Biographical details
- Born: March 16, 1880 Mitchell County, Kansas, U.S.
- Died: March 11, 1963 (aged 82) San Antonio, Texas, U.S.

Playing career

Football
- 1901–1903: Kansas
- Position: Fullback

Coaching career (HC unless noted)

Football
- 1904–1907: Ottawa (KS)
- 1908–1909: William Jewell
- 1910: Nebraska State Normal
- 1911–1912: VMI
- 1913–1914: Kentucky

Basketball
- 1908–1910: William Jewell
- 1911–1913: VMI
- 1913–1915: Kentucky
- 1915–?: Birmingham A. C.

Baseball
- 1909–1910: William Jewell
- 1914–1915: Kentucky

Administrative career (AD unless noted)
- 1911–1913: VMI

Head coaching record
- Overall: 51–29–3 (football) 49–26 (basketball) 34–24–1 (baseball)

= Alpha Brumage =

American football player and sports coach (1880–1963)

Alpha Brumage (March 16, 1880 – March 11, 1963) was an American football player and coach of football, basketball, and baseball.
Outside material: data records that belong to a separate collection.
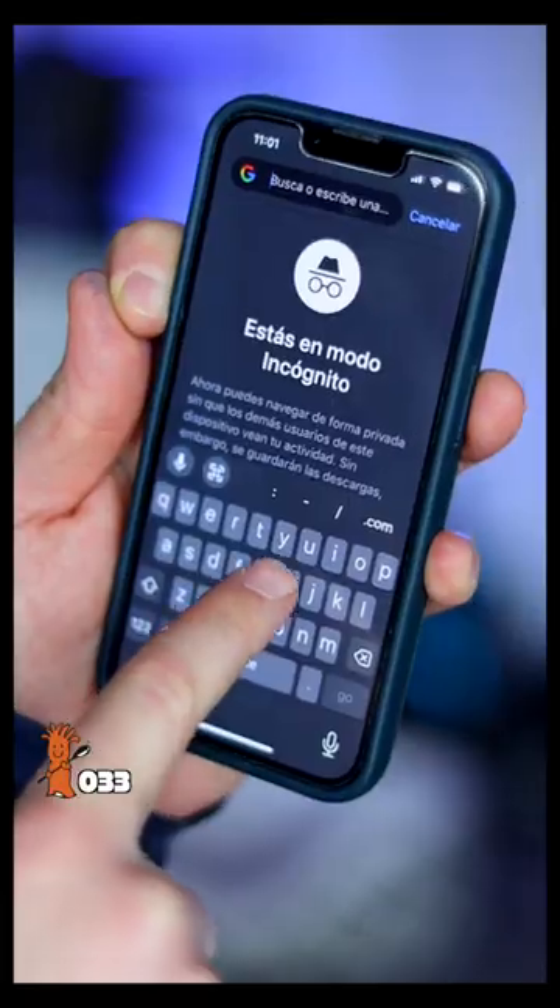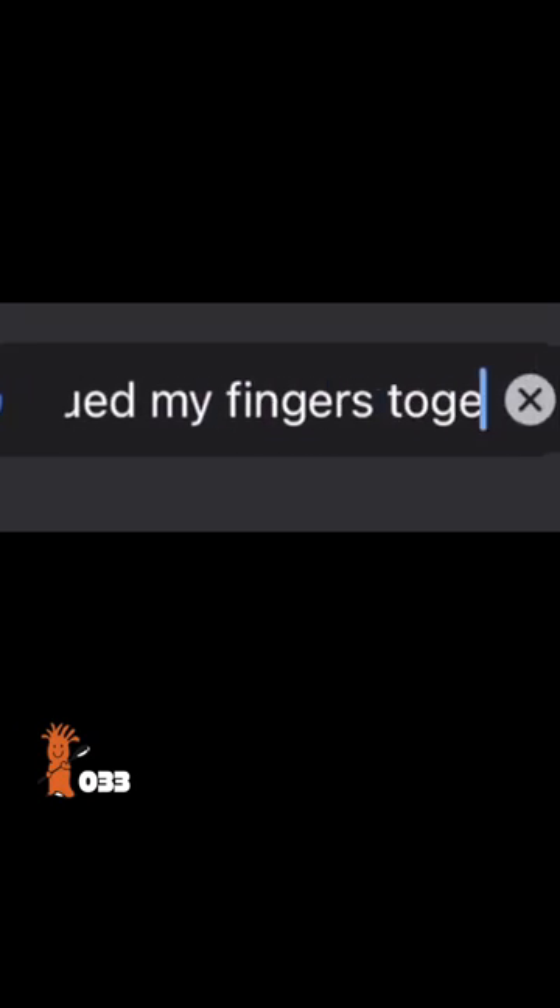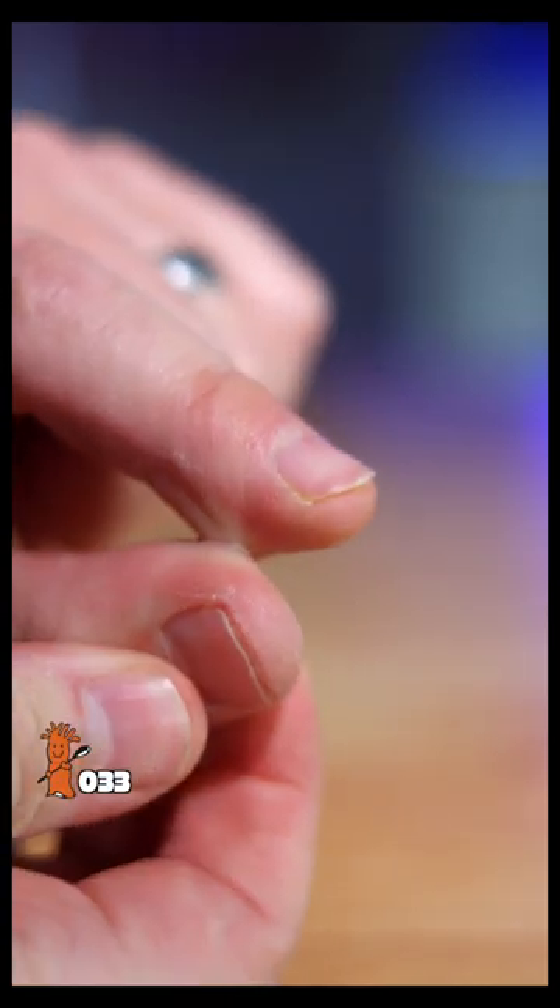Luckily I'm alone in the house right now, because my wife would be laughing at me and I would feel shame. So using my still functioning fingers, I Google searched 'help, I super glued my fingers together.' Evidently I'm not the first idiot to have done this.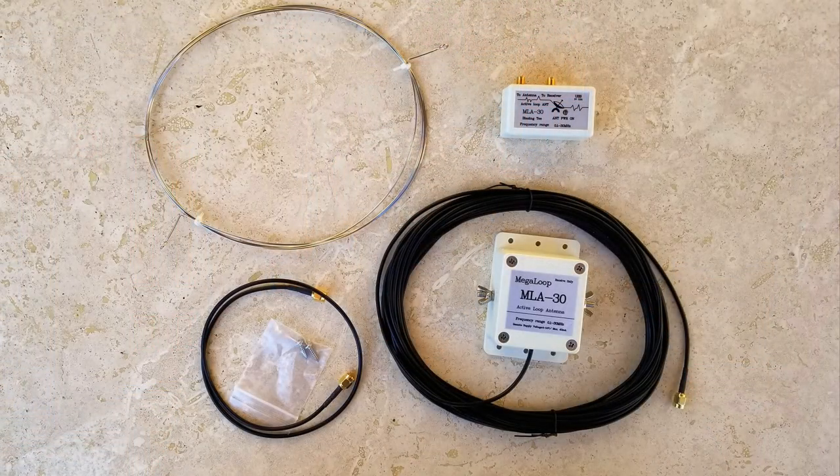Here's a quick look at the components. The coil of silver wire is the loop. The larger box is the preamp, and this is where the loop connects. The small box is the BIAS-T box that provides power to the antenna. The coax is connected directly to the preamp box.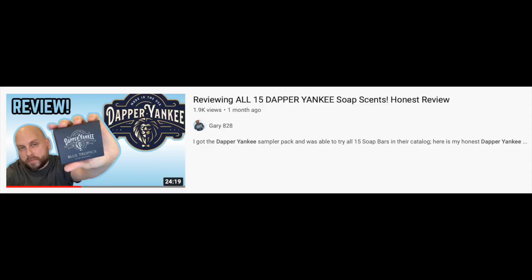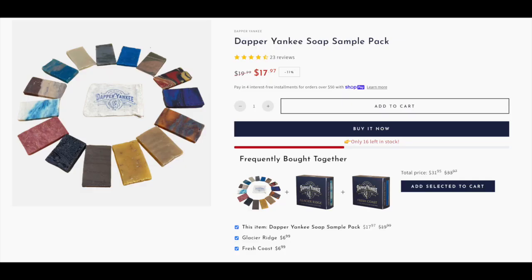About six weeks ago I did a review for Dapper Yankee. I bought the sampler bundle of all 15 scents and out of the package I didn't like most of the scents — they were too loud and perfumey. But after a day or two the scents faded and weren't nearly as strong, and when I tested them in the shower the soaps performed really well. After the bars lathered up the scents got a lot softer, which is good for me because I don't like overly powerful scents. So my initial reaction has changed since that video — some scents I didn't like at first have now grown on me.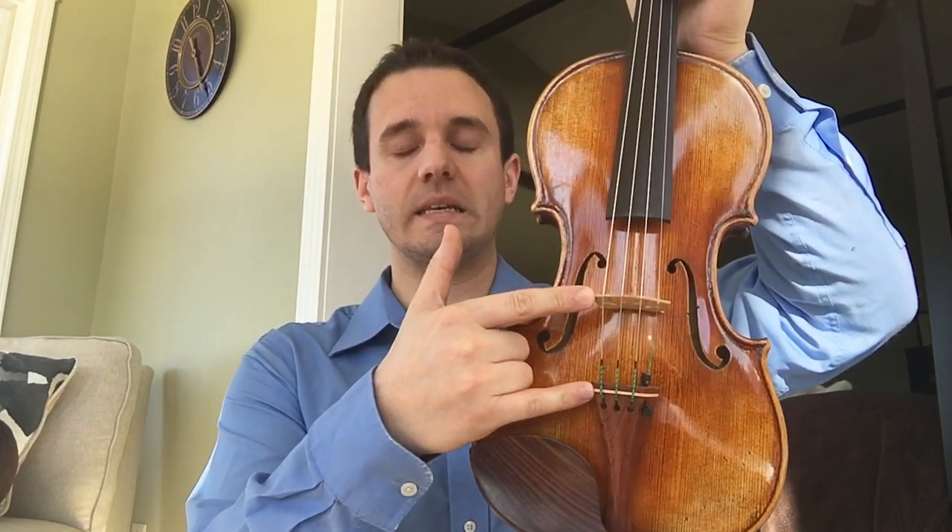Maybe you guys want to take a tape measure and just measure between the bridge and tailpiece to see how far that is. If it's not at least 5.5 centimeters on a full-size violin, then you might want to bring it to a shop to get it done, or maybe you can even do it yourself.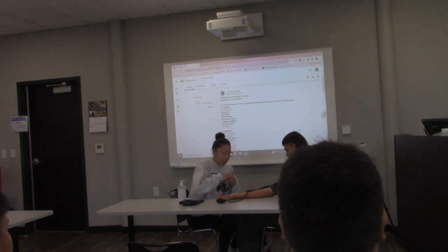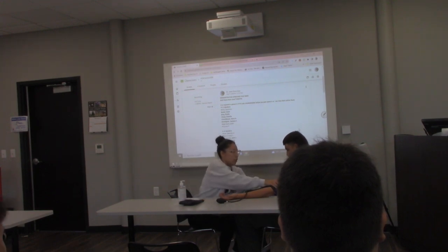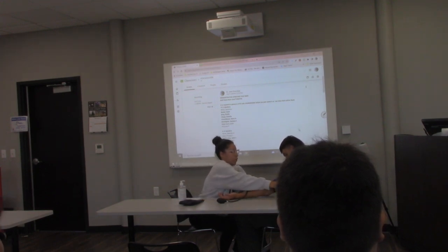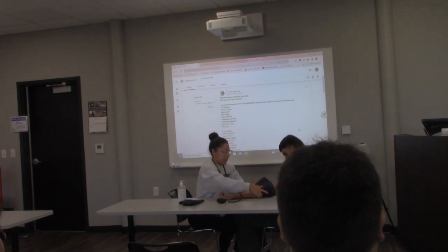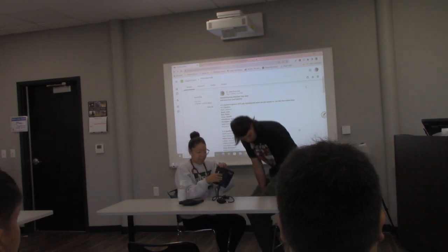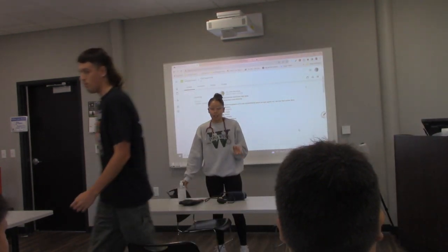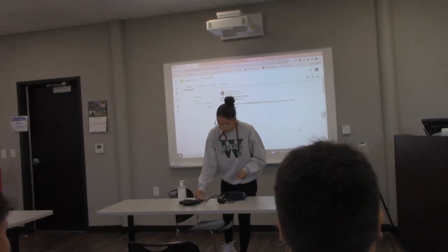I got about 110 over 70. I'm going to release the cuff off of the patient. Since it was 110 over 70, that is a normal blood pressure.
==Early life and playing career==
Brumage was a native of Beloit, Kansas and graduated from Beloit High School. He attended the University of Kansas, where he played college football from 1901 to 1903 as a fullback and captained the 1903 Kansas Jayhawks football team. Brumage also participated in track and field as Kansas, running the hurdles in 1902–03.

==Coaching career==
===Ottawa (KS)===
Brumage was the head football at Ottawa University in Ottawa, Kansas for four seasons, from 1904 to 1907 compiling a record of 14–16–1. Brumage took over the team after a one-year hiatus because the school was attempting to purge professionalism from their college sports teams.

===VMI===
After coaching at William Jewell College in Liberty, Missouri and Nebraska State Normal School—now known as Peru State College—Brumage moved to Lexington, Virginia to become the tenth head football coach at the Virginia Military Institute (VMI). He held that position for two seasons, from 1911 until 1912. His career coaching record at VMI was 13–2.

===Kentucky===
Brumage then went to Kentucky where he was football coach from 1913 to 1914, compiling an 11–5 record, and basketball coach from 1913 to 1915, compiling a 19–7 record.

==Late life and death==
In September 1915, Brumage was appointed as the physical director of the Birmingham Athletic Club in Birmingham, Alabama, and coached the basketball team. During World War I, Brumage attended officer's training school and was promoted to the rank of major in the United States Army. He served in France with the 322nd Field Artillery Regiment of the 83rd Infantry Division.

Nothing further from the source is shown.